What Does it Mean For Product Managers?

Every time we test a new feature, landing page or ad, we are taking a risk because we see the potential opportunity of a reward. The multi-armed bandit approach allows us to make sure we choose the best possible option while sending the minimum amount of traffic to the least-performing options. That sounds great! But hold on, there are a few other things to consider:

  • Moving baseline: One of the assumptions of all the strategies mentioned above is that the baseline doesn’t change. In fact, the assumption is that the arms give out a fixed pay-out and one of them might be higher than the others. However, in the real world, the metric we are tracking might change over time due to seasonality, user behaviour, randomness etc.  In this case the arm that seems to be winning during a ‘good’ phase, will get a bias compared to other arms.
  • Confidence for a given variation: Because all these strategies require a more or less arbitrary allocation of traffic, different volumes are allocated to different variations. In our Epsilon-greedy example above, the arm believed to be the winner will tend to get 90% of the traffic and the remaining arms will have to share the remaining 10%, decreasing the level of confidence for those arms.
  • The whole set-up is geared toward optimisation, not prediction: The multi-armed bandit set-up is aimed at maximising a limited resource, rather than to predict what will happen in the future if you decide to go with one arm instead of another.
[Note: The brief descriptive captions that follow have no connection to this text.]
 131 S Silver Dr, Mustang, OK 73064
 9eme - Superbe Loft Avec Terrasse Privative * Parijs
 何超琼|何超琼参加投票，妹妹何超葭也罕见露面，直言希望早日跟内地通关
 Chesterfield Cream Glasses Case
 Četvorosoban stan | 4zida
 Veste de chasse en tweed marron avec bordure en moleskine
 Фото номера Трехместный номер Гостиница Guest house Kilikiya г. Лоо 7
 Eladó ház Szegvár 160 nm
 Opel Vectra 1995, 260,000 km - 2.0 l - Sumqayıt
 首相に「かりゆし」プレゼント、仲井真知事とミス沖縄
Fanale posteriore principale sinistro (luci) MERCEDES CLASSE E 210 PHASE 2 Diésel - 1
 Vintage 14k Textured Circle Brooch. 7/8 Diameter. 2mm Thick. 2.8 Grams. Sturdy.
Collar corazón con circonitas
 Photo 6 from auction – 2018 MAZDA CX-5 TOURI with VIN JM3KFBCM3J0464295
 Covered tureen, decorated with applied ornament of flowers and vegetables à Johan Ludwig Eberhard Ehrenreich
There are strategies that aim at providing such results (like Thompson sampling), but they are complex and still subject to the previous points.

Conclusion

I’d like to make clear that I am not a data scientist and as far as I know this topic is still the subject of research, but these are my main learnings from hundreds of tests using the multi-armed bandit approach and more traditional set-ups:

  • Multi-armed bandit is best used when running a campaign with limited resources, such as time or money. That’s why it makes a lot of sense in AdWords and other bid management tools.
  • There are a lot of different implementations of the multi-armed bandit set-up. If you are thinking about adopting a platform that uses this set-up, ask for details of the implementation.
  • Understanding the right balance between exploration and exploitation for your purposes is very important.
  • Classic test set-ups with fixed allocations provide more reliable results as they are not biased by moving baselines (as well as providing easier ways to predict test duration). However, there could be an opportunity cost of not serving the best variation for the duration of the test.